Mas daí não decorre uma qualquer relação de dependência nos termos e para os efeitos do disposto no 206.º, n.º 2, do CPC. A Apelante não indica, e não se conhece, nenhuma norma que preveja que o processo de inventário judicial é dependência de uma ação executiva, na situação descrita, de aceitação a benefício de inventário, limitando-se aquela a invocar um preceito legal que determina, tão-só, como vimos, que o inventário é da competência dos tribunais judiciais (e não dos cartórios notariais) quando - por força de norma que assim o determine - constitua dependência de outro processo judicial.

Sempre se dirá ainda, face às objeções suscitadas pela Apelante (mormente na conclusão 11) que o processo de inventário judicial em apreço não se reconduz, nem nos parece que isso tenha sido afirmado na sentença recorrida, à previsão do n.º 2 do art. 122.º da LOSJ, nos termos do qual “(O)s juízos de família e menores exercem ainda as competências que a lei confere aos tribunais nos processos de inventário instaurados em consequência de separação de pessoas e bens, divórcio, declaração de inexistência ou anulação de casamento civil, bem como nos casos especiais de separação de bens a que se aplica o regime desses processos.” Logo, valem aqui, conforme acima referido, as regras atinentes à competência residual dos Juízos Locais – art. 130.º da LOSJ."


*3. [Comentário] a) O caso decidido pela RL apresenta-se da seguinte forma:

-- Foi instaurada uma acção executiva contra a herdeira do devedor;

-- Esta herdeira requereu a aceitação da herança a benefício de inventário no próprio tribunal de execução;

-- Este tribunal considerou-se materialmente incompetente para o processo de inventário;

-- Chamada, em recurso, a decidir a questão da incompetência material, a RL confirmou a decisão do tribunal de 1.ª instância.

b) Ressalvada a devida consideração, a orientação que prevaleceu no acórdão é discutível.

O principal ponto de discordância prende-se com a afirmação da RL de que "
a aplicação do art. 1083.º, n.º 1, al. b), do CPC supõe a existência de uma norma que estabeleça uma competência por conexão". 

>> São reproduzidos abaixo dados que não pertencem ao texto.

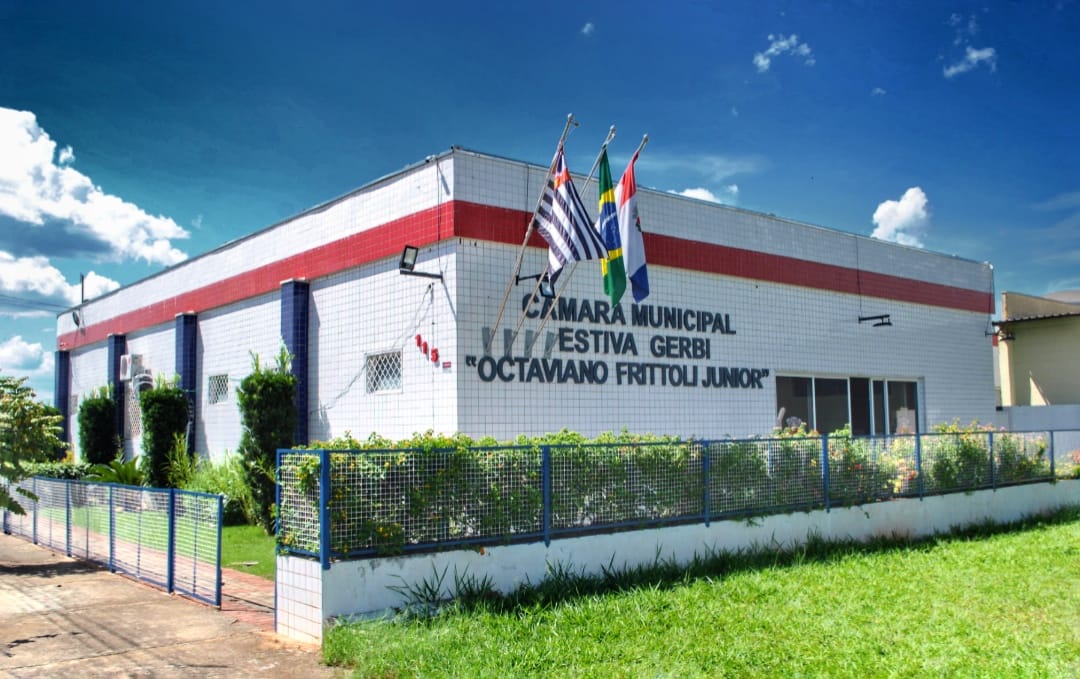 Câmara de Estiva Gerbi tem três vagas abertas em concurso público, com salários de até R$ 6,8 mil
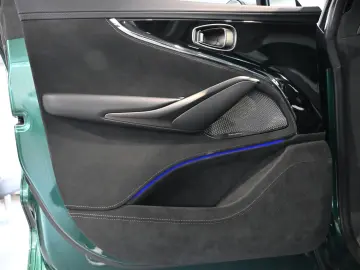 Aston Martin DBX S Malachite Green Bowers&Wilkins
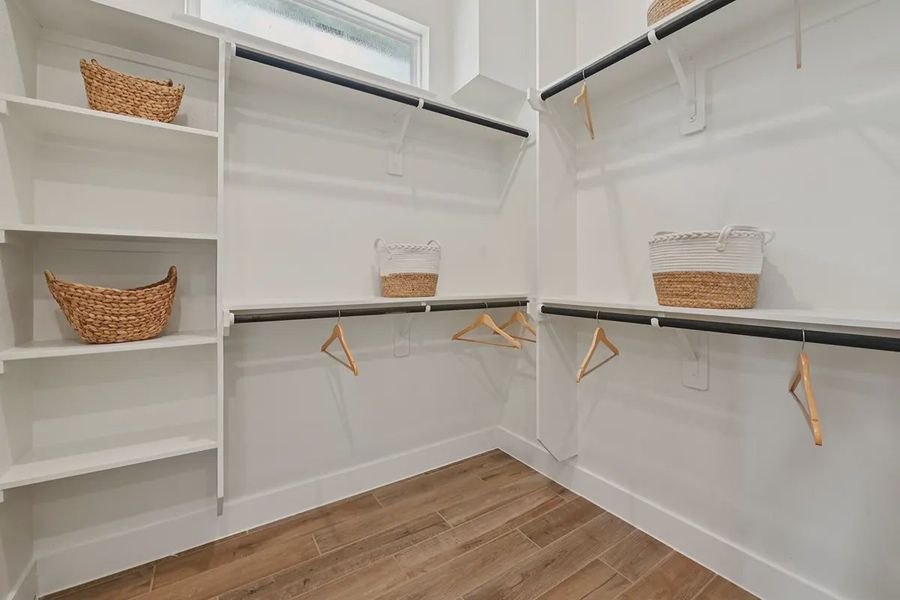 Close-up of interior finishes inside a home in Meridiana 60's, Manvel (Image 23).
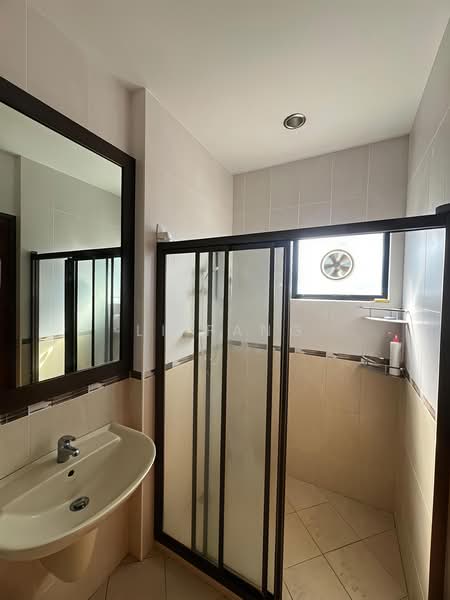 Kondominium untuk Dijual di Alpine Tower - Li Fang - Bathroom - PropertyGuru.com.my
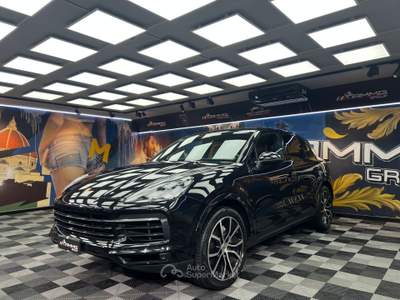 Porsche Cayenne 3.0 tiptronic (605) Nero usata Calenzano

É duvidoso que deva ser esta a interpretação do disposto naquele preceito. Ao contrário do entendimento da RL, a regra que se retira do art. 1083.º, n.º 1, al. b), CPC não é a de que a sua aplicação pressupõe uma conexão entre processos estabelecida por outra norma, mas antes a de que, quando o processo de inventário é dependente de outro processo, aquele processo pertence à competência do tribunal deste último processo.

O disposto no art. 1083.º, n.º 1, al. b), CPC não pressupõe que uma outra regra estabeleça a conexão entre o processo de inventário e um outro processo, mas antes opera com uma conexão entre o processo de inventário e um outro processo estabelecida pela circunstância de aquele processo ser dependente deste último (Teixeira de Sousa/Lopes do Rego/Abrantes Geraldes/Pinheiro Torres, O Novo Regime do Processo de Inventário e Outras Alterações na Legislação Processual Civil (2020), 24).

Quer dizer: o art. 1083.º, n.º 1, al. b), CPC aplica-se quando o processo de inventário é dependente de um outro processo, sem necessidade de que qualquer outra disposição estabeleça essa relação de dependência.